When he got to Iowa State, however, he found out he was not rugged enough to contend with his more experienced teammates. Day after day they worked him over, so much so that his father was ready to bring his dejected son home. "Give me 30 days," Dan said. By the end of those 30 days he had markedly improved.

"The first time I got any idea of how good I was came in my freshman year," he recalls. "I went to the Midlands tournament and beat Don Behm, who had been third in the NCAA championships in 1965. I wrestled Masaaki Hatta, a former NCAA champ, in the finals, and I remember being interviewed on radio before the match. The announcer said, 'I understand you've never lost since junior high.' I said, 'That's right, but I'm about to get licked.' Then I went out and beat Hatta by five points."

Dave Martin, an NCAA champion in 1970, was one of several wrestlers who shared an off-campus house with Gable at Iowa State. "As a freshman he was ultra-shy," Martin recalls. "We used to tease him a lot. A bunch of us would be walking down the street and we'd say loud enough for other people to hear, 'Is that Dan Gable? Is that really the famous Dan Gable?' He'd get so embarrassed he'd run and hide. Dan won the Athlete of the Year award twice at school, and after they gave it to him during his junior year he was so embarrassed that he handed me the trophy and ran off.

"But I've never seen anybody work like him. He used to play this game with a deck of cards where he'd pull out a card and then do as many pushups as the face value of the card was worth. He'd see how many times he could go through the deck. And then he'd start all over and do the same thing by doing curls with a barbell.

"Dan was always giving things to people and he seemed to enjoy that. If someone was overweight, he would always try to help him lose weight, no matter how tired Dan was. And he was tough. The day after he had an operation on his elbow he was wrestling—with one arm."

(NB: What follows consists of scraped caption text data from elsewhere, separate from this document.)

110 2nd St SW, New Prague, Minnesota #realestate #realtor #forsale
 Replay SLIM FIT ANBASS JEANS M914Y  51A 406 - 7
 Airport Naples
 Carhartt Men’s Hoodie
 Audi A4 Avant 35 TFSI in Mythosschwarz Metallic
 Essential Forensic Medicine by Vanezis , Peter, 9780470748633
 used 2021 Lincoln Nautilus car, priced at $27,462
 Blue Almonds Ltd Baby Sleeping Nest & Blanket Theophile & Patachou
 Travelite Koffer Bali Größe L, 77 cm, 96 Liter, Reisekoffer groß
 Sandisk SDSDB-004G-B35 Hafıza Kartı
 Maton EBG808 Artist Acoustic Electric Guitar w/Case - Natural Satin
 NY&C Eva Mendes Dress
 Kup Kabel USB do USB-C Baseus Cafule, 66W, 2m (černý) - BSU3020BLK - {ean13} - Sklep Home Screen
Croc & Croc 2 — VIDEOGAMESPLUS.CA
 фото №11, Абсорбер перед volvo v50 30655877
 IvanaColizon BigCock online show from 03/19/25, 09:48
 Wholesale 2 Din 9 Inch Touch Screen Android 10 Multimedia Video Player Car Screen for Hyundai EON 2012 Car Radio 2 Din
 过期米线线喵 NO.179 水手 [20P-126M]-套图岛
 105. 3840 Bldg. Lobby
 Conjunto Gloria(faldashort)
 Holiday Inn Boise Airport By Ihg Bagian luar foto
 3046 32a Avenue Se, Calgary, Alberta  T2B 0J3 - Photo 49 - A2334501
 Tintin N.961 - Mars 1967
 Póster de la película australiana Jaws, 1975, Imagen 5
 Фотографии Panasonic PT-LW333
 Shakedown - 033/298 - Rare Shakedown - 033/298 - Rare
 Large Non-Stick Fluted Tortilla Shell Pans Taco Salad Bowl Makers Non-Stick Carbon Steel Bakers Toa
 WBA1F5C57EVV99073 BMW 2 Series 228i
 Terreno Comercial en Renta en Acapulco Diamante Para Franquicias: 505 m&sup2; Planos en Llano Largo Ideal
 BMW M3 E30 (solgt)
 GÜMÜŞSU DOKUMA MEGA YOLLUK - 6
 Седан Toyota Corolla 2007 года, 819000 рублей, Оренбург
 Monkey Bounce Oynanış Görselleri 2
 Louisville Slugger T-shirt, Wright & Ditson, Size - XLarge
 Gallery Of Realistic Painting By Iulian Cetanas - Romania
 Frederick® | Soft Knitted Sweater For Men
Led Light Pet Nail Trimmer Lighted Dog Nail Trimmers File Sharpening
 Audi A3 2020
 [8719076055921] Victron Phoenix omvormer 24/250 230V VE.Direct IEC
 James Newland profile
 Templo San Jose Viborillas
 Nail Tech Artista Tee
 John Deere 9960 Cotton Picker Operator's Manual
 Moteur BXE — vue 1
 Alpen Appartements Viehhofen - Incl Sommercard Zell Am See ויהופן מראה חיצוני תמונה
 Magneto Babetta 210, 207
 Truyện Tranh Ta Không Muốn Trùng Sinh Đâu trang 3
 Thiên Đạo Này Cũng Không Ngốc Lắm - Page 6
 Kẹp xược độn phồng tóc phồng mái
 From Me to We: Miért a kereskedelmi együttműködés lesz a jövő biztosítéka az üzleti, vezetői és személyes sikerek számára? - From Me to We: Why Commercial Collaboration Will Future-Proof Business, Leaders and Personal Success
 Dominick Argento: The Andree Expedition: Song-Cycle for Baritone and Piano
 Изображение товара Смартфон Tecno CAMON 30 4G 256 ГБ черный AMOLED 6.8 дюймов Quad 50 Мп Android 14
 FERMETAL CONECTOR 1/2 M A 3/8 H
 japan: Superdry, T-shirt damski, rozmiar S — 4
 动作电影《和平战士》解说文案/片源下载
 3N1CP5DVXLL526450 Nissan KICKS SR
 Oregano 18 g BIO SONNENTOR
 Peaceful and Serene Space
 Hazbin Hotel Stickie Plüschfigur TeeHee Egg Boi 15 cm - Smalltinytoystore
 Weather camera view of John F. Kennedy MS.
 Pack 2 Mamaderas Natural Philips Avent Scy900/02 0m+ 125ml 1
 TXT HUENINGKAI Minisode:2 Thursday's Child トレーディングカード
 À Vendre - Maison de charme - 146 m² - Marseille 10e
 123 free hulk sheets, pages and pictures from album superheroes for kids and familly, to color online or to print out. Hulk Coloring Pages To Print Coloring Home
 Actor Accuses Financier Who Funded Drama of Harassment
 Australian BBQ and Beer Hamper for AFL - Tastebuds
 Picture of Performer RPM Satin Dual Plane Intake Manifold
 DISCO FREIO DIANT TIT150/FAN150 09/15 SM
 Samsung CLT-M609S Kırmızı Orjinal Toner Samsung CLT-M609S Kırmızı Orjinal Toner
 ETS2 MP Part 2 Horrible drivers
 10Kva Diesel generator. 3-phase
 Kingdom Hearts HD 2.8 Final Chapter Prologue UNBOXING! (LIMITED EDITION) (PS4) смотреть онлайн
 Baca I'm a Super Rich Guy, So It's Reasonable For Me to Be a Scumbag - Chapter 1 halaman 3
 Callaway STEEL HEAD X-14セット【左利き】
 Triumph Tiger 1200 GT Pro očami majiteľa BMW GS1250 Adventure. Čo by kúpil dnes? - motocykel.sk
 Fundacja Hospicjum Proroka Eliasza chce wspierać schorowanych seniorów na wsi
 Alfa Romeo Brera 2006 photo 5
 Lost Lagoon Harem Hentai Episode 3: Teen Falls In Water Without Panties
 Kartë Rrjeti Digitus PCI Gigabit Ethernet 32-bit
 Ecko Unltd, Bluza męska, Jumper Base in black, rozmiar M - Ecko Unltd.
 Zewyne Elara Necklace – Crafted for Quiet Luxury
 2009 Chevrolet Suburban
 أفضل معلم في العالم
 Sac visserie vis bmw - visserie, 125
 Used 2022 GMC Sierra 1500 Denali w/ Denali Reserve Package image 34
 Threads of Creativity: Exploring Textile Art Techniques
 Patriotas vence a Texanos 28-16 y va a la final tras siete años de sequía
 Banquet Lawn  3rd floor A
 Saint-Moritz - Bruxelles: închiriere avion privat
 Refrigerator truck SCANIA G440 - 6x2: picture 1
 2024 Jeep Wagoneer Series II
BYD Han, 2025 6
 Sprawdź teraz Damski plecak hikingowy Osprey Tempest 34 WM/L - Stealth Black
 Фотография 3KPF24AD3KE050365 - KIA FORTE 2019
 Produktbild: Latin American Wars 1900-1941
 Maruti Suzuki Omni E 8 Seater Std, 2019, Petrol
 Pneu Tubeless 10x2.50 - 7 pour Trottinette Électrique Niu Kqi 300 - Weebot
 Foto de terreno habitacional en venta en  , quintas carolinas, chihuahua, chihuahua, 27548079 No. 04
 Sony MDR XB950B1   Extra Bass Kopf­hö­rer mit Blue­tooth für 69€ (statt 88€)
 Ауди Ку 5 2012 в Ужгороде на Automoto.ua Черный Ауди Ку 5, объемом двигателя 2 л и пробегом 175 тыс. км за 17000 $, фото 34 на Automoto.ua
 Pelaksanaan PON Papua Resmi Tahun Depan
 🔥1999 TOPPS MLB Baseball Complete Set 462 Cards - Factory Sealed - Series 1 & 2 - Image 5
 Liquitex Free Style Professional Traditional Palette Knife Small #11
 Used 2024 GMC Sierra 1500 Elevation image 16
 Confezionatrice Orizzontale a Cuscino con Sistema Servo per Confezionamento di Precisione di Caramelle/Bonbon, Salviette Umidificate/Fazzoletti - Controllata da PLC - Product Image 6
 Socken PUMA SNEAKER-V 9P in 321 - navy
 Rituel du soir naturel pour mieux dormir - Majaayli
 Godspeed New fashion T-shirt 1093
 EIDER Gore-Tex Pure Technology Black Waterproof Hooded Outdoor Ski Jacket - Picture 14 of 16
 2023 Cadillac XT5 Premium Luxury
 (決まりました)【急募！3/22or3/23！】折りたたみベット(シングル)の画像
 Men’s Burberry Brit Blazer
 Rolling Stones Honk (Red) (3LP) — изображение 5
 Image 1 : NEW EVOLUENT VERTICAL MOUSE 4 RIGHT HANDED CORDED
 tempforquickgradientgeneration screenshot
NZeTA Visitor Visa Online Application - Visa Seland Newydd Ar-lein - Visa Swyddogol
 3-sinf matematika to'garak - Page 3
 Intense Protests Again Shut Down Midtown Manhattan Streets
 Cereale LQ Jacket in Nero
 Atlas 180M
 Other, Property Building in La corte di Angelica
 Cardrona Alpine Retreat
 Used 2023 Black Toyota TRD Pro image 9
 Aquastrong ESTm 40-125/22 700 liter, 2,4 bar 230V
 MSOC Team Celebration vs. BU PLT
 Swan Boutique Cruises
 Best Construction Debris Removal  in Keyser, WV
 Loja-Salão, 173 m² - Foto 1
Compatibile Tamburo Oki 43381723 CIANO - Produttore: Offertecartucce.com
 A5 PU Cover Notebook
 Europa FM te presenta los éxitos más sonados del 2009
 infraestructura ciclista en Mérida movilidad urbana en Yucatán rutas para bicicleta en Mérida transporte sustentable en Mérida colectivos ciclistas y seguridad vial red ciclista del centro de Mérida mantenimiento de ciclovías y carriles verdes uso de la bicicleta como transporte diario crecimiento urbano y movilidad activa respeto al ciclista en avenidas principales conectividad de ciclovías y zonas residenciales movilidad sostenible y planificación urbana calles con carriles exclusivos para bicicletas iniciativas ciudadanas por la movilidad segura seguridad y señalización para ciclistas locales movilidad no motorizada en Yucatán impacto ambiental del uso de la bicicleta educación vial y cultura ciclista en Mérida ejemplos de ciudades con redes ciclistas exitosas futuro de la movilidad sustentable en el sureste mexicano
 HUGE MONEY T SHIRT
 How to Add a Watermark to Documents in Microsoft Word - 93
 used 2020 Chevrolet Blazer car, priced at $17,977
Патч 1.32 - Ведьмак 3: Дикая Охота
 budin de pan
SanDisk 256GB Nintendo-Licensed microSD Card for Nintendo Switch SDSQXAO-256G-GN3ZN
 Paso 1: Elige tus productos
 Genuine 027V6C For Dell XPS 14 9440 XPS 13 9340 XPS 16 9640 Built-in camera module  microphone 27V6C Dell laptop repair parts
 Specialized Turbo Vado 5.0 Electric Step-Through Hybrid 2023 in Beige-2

Gable's toughness and his conditioning program enabled him to keep on winning at Iowa State. He became the most dynamic wrestler in college history, relentlessly pursuing his foes and pinning 60% of them.

Before the 1970 NCAAs Gable was given amateur wrestling's Man of the Year award. When the trophy was handed to him Dan merely nodded. Then everyone in the banquet hall arose and applauded Gable, who at that point had won 176 matches in a row. Everyone then sat down and waited for his acceptance speech. Gable looked at the audience, nodded and, dumbstruck with embarrassment, walked off.

Gable advanced to the finals of the NCAAs with five straight pins. Only one match lay between him and the goal of becoming the first wrestler ever to win every match throughout high school and college. He came even closer than that. With 30 seconds to go against Larry Owings of the University of Washington Gable was ahead. Then, in a blur of action at the edge of the mat, Owings took Gable down for two points, then got two more for momentarily clamping his shoulders down. When the match ended, Gable had lost.

At the victory ceremonies Gable, for the first time in his life, accepted a second-place plaque. Eight thousand five hundred fans in Northwestern University's McGaw Hall arose and applauded.